If taking the client to court becomes necessary, hopefully your day-to-day interaction with the client has already laid the groundwork for your case. First, you should have a contract (more about that in future articles). Whether or not you have a contract always save everything. Save e-mails, faxes, FedEx slips, photocopies of any checks or money orders, and anything else sent to or from the client. Hopefully you’ll never need to use any of this material to establish in a court’s eyes the existence of a business relationship between your company and client, but just in case that becomes necessary, be prepared. Regrettably, odds are that eventually your diligence in creating and retaining a paper trail will be put to the test.
As the plaintiff, the burden of proof is on you. Small claims is less stringent than full-blown civil court, but the requirements for burden of proof is the same.
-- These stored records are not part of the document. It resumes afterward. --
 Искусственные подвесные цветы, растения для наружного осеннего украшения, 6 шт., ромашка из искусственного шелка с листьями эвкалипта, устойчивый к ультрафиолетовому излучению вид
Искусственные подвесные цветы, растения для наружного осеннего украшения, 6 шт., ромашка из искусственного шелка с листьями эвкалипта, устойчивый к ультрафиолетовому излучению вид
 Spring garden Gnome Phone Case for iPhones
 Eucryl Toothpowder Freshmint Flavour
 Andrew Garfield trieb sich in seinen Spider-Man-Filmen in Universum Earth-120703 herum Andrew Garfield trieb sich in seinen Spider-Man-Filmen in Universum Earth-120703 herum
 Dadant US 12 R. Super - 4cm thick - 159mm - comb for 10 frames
When pursuing a client for non-payment you, as the plaintiff, must establish three things: First, that there was a business relationship in which both parties were obligated to meet certain expectations. Second, you must prove that the client (the defendant) failed to meet those expectations. And, finally, you must prove that you incurred financial damages resulting from the client’s failure, including loss of pay for meeting your obligations under the agreement.
Assuming you meet burden of proof, as the defendant, the client needs to defend himself by countering any one or more of the aspects of your case. He could argue, for example, that you were doing the work pro bono, thus incurring no damages since you wouldn’t expect payment whether the project was successfully completed or not. In addition to, or in place of, challenging the primary aspects of your case, he can issue a counter-claim that alleges of you the same things you allege of him–that there was a business relationship, that you failed to meet your obligations under that relationship, and that he incurred damages thereby.
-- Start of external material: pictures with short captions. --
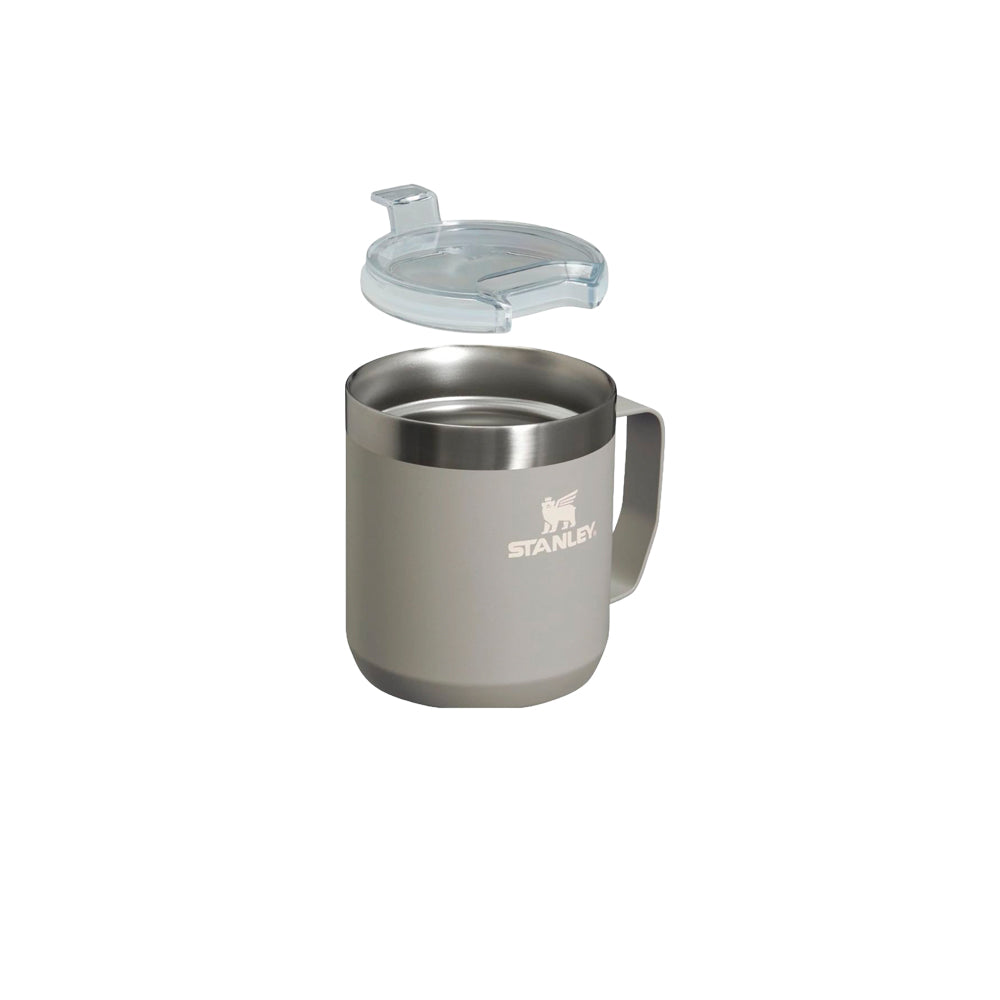 99584PT TAZA CLASSIC LEGENDARY CAMP MUG 8oz ASH MARCA STANLEY
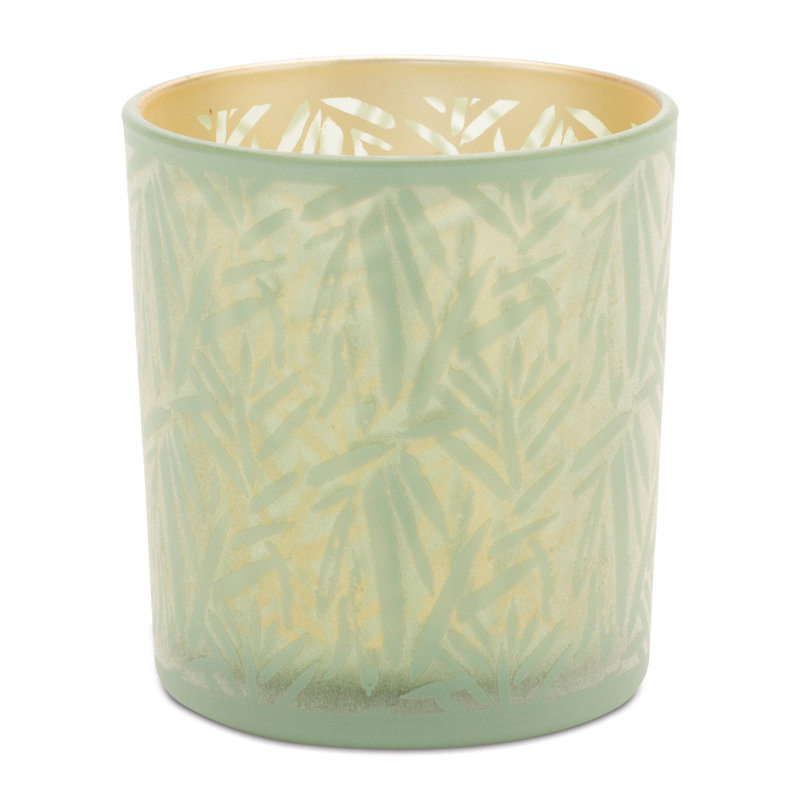 Tropical Patterned Votive Holder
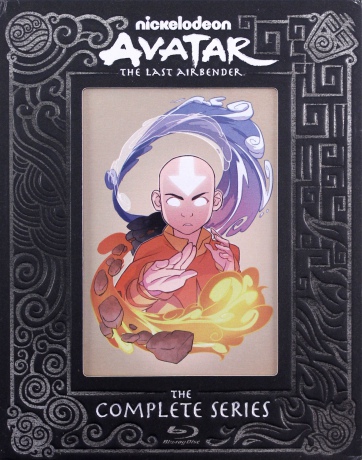 Avatar: The Last Airbender The Complete Series (Awatar: Legenda Aanga) (steelbook) [9xBlu-Ray]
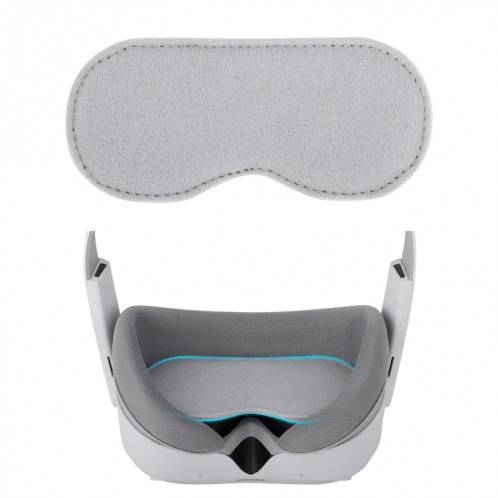 Pour PICO 4 Hifylux PC-ZF17 Protecteur d'objectif Lunettes VR Tampon éponge anti-poussière (gris clair) SH901A829-38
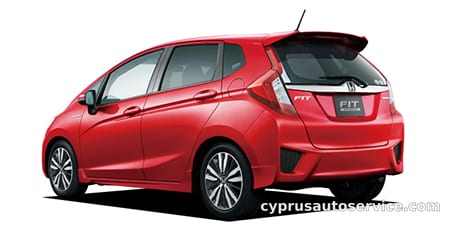HONDA FIT HYBRID S PACKAGE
The client may counter-claim that you failed to produce the agreed upon work, and/or that you failed to do it by the agreed upon deadline. Then he could argue (with or without evidence) that you cost him money in the form of loss of expected income for a variety of reasons. A couple of examples are: From the end use of the job, say, it was a suntan label project and the late delivery of the project caused the client to get his product to market after the summer selling season had passed, or; if the client vended to you part of a larger job, and he lost the contract with his client because you allegedly delivered the job too late or incorrect, he could counter-sue for damages equal to the amount of the full contract. Further, he may try arguing that, by your alleged failure to meet your obligations, you’ve damaged his reputation and standing in the market.
Naturally, the burden of proof for any counter-claim is on him. Assuming he meets his burden of proof–clients who make it a habit of not paying their bills are generally very charismatic and persuasive speakers–it is then up to you to present to the court sufficient evidence to disprove his claims.
If you must take a client to court to recuperate losses, for your own sake, try to put yourself in the client’s shoes. Anticipate how he might defend himself against your claim, and how he might try to prove his counter-claim(s). Think about how he might approach the various aspects of the issue and his case. Then be ready for them, armed with evidence.
The more written documentation you have–even your own notes from meetings with the client–the stronger will be your case. Naturally evidence and testimony from third parties is strong, but nothing trumps written (hard- or soft-copy) evidence and testimony than can be proven to be authored by the defendant.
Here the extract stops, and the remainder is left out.